WORK TO COMPLETE: Starting at the line that holds "皇冠体育比分现金足球app(中国)官方网站理赔才智不透明或办事格调差有些破钞者在恳求理赔时-皇冠体育比分 现金足球网 在线|官网", quote every line through the end of the records, both boundary lines included. Omit the pictures.

Brief descriptive captions:
*-*-*

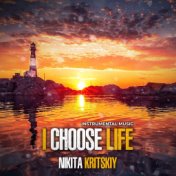 I Choose Life (Instrumental Music)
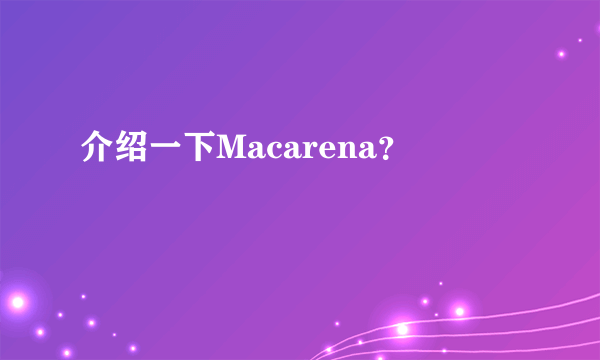 介绍一下Macarena？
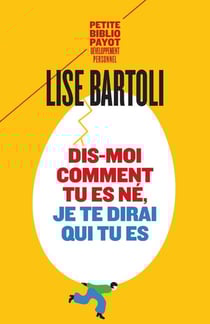 Dis-moi comment tu es né, je te dirai qui tu es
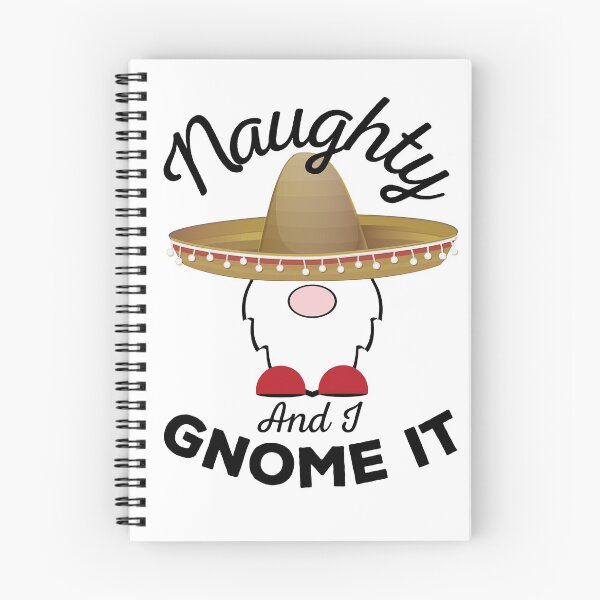 Item preview, Naughty and I Gnome it - Mexican designed and sold by MerchActually.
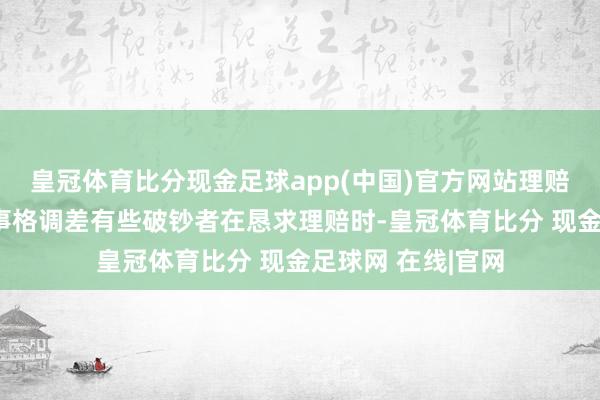 皇冠体育比分现金足球app(中国)官方网站理赔才智不透明或办事格调差有些破钞者在恳求理赔时-皇冠体育比分 现金足球网 在线|官网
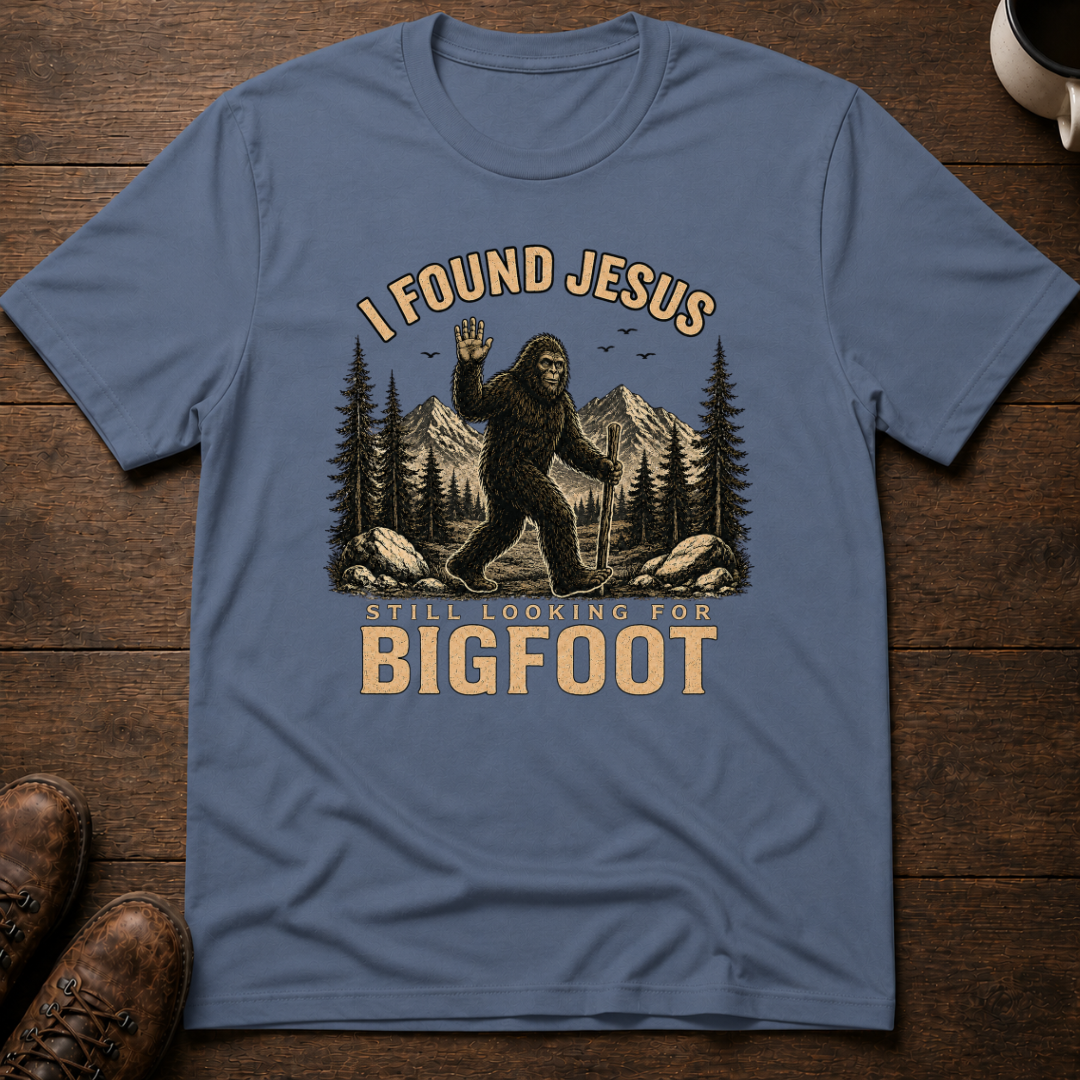 Bigfoot I Found Jesus T-Shirt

*-*-*

EXERCISE SOLUTION:
 皇冠体育比分现金足球app(中国)官方网站理赔才智不透明或办事格调差有些破钞者在恳求理赔时-皇冠体育比分 现金足球网 在线|官网
 Bigfoot I Found Jesus T-Shirt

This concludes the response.